• **Work required**
List, from the lines below, each one with "image" in it.

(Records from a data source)

_ _ _ _ _ _ _

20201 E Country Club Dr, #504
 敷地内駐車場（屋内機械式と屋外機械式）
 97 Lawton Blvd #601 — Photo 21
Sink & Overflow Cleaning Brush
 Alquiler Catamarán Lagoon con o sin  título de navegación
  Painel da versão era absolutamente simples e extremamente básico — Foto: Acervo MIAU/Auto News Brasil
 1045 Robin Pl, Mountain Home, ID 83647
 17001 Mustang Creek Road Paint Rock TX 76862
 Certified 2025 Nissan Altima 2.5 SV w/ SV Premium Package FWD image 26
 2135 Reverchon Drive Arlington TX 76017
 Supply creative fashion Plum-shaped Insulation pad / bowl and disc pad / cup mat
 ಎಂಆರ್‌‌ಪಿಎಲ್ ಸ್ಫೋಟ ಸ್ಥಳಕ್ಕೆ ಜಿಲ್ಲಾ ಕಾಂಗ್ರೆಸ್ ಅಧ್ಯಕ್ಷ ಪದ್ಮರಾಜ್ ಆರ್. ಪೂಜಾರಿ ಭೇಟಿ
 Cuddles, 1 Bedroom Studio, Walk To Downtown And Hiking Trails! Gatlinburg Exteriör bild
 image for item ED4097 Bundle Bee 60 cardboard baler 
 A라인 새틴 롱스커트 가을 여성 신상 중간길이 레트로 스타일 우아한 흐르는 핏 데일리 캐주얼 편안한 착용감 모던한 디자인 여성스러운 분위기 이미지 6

_ _ _ _ _ _ _

• **Response to this exercise**
 Certified 2025 Nissan Altima 2.5 SV w/ SV Premium Package FWD image 26
 image for item ED4097 Bundle Bee 60 cardboard baler 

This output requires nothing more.